Of course they could use an external tool like a calculator, just like humans do. But that is not what seems to be going on now. This is the first step to critical thinking and reasoning as we humans understand reasoning. This is something that has been lacking in all such systems so far. So it is a possible basis for a historic shift.
The second rumor involves computer security. These are systems skilled at language. Encrypted text is the heart of modern computer security. It may be that an AI system has been trained on how to unpack the most secure security systems known. If this is so, then no encryption system is safe from high powered AI.
As the Russians are rumored to already do, it may be time to break out typewriters again. This matters little to most of us, but to the Military this is a very big deal. Someone representing military interests might be the heavy that put Sam back in as CEO.
The third rumor was the use of the AI engine to study and improve its own AI engine. This would let the core of the AI engine disconnect from its human programmers. As Karpathy notes in his video above, humans already do not know what is going on in these systems. It will become much worse if the systems tune themselves.

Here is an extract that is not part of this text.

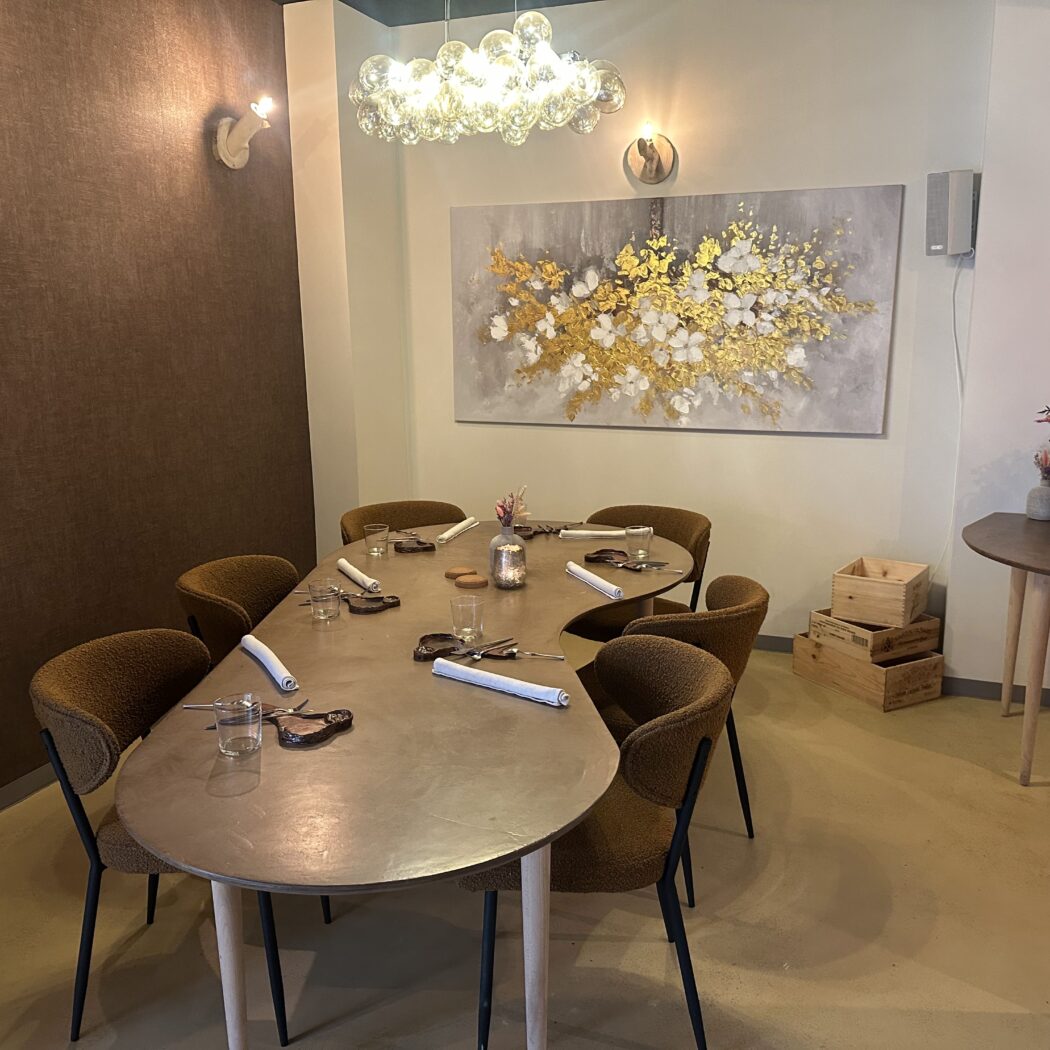 Ovale gedekte eettafel met bruine stoelen, grote gouden wandkunst en glazen kroonluchter in een restaurant.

All of these are serious. Here is a link to video that covers these points and what they might mean. The term being used is "Q*" pronounced Q-Star. Qu as in the Qu letter of the Paleo alphabet, or Qu-map, or brain. The * involves a class of self improving math systems. The base algorithm is known as A*. Apparently this has been added to the set of tools AI can use.
The link here is a 21 minute video by David Shapiro. (Impersonating a Star Fleet officer, oh the blasphemy!) In any case he does a good job of explaining these implications. He also attempts to cite some of the rumor sources, which is rare and why I picked this video.
Elon Musk's basic approach to fighting AI is to have multiple competing AI systems. Some will hopefully be built and run by the good guys. The hope is they are able to reason based on chains of provable facts. This would break much of the political world we currently know. It could also unlock, say, better models of Physics.
It is unclear how this will play out. But, if we are not blown back to a post apocalypse world, then AI is here to stay. Men and women of faith will need to understand how this tool seems to have more uses for evil than for good. It is not like we don't have many other examples already.
If this is one of the resurrection headlines, then living with this tech may be an eternal feature of the human race. Like coming to adulthood, it is just something that we must collectively learn to use responsibly.
Measured in 1000 year intervals from Adam, as years in the life of humans on earth, then we are collectively beginning our teenage years. Just like teenagers often do, as we collectively go through these years, we are sure to screw things up before we can handle it in an adult way.